The key metric used in data processing management is system utilization - and that same metric has been adopted to push the idea that consolidation through virtualization makes sense.
The key factor driving the evolution of system utilization as a management metric was the high cost of equipment - first in the 1920s when data processing was getting started, and again in the 1960s when the transition from electro-mechanical to digital equipment got under way.
What made it possible, however was something else: the fact that batch processing of after the fact data was the natural norm for the gear meant that user management expected printed reports to arrive on their desks on a predictable schedule wholly divorced from the processes generating the data.

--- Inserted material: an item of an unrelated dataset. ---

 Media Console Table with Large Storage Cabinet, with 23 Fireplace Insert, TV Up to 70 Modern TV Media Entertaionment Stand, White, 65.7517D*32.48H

Thus what drove data processing management to use its gear 24 x 7 was money - but what made it possible to do this was user management's acceptance of the time gaps implicit in an overall process consisting of distinct data collection, data processing, and information reporting phases.

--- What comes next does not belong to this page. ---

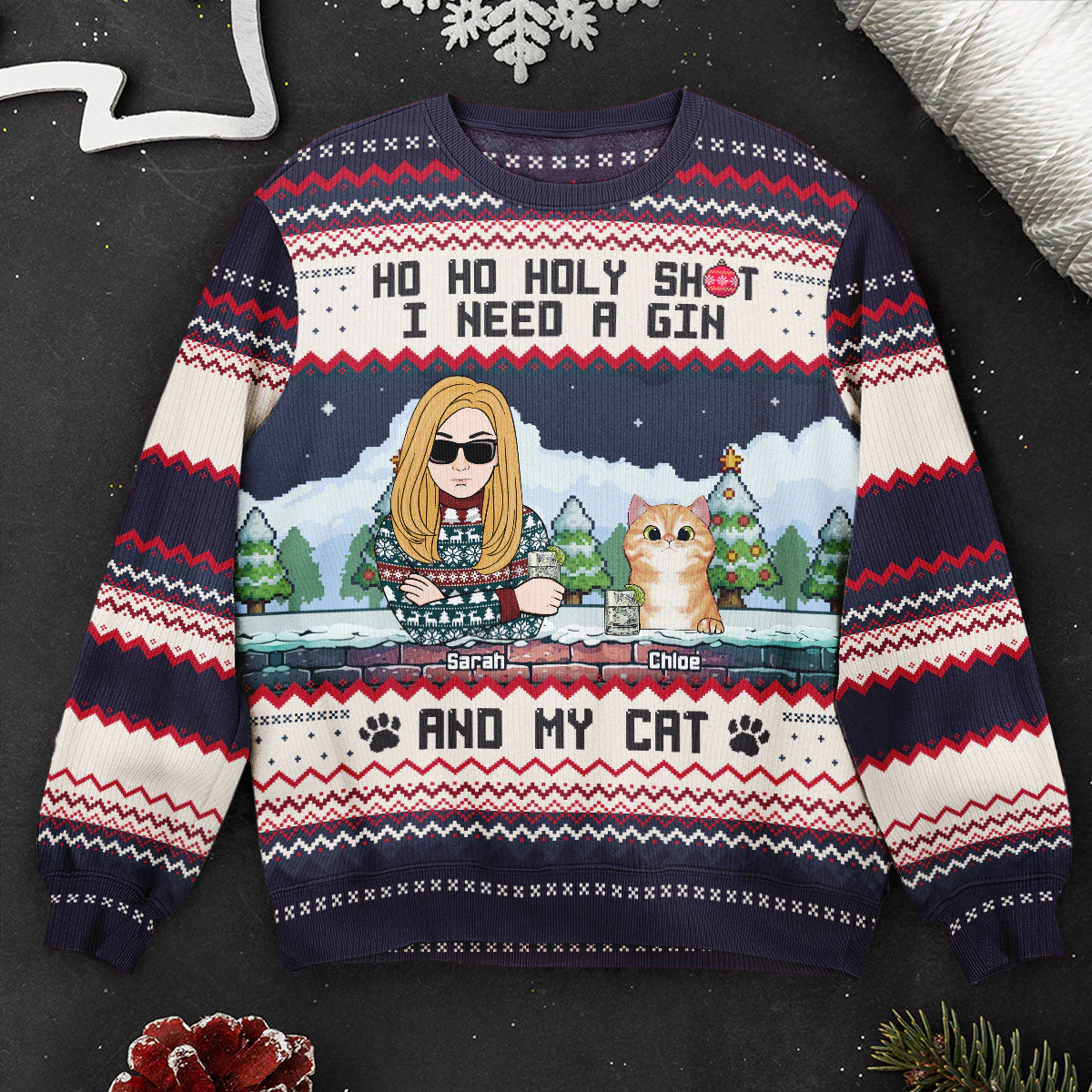 Ho Ho Holy I Need A Beer Bourbon Wine And My Cats - Personalized Ugly Sweater - Image 3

Almost a hundred years later data processing still operates in much the same way - and the utilization metric is still their most fundamental internal performance measure. And, since their costs are still high too, the financial incentive to high utilization continues to provide justificatory power.
The usage process has, however, changed considerably: internally the time gaps for both the data collection and the data reporting phases have decreased to near invisibility - on line data entry is now standard, for example, and many traditional reports are now "printed" only as data transfers to query servers whose accessibility from user desktop PCs hides the after the fact nature of the data.
Externally, meanwhile, users have grown accustomed to PC response rates and now expect to get what they want, when they want it - and what that means is that efforts aimed at meeting IT management's expectations on utilization conflict directly with the mandate to meet user expectations.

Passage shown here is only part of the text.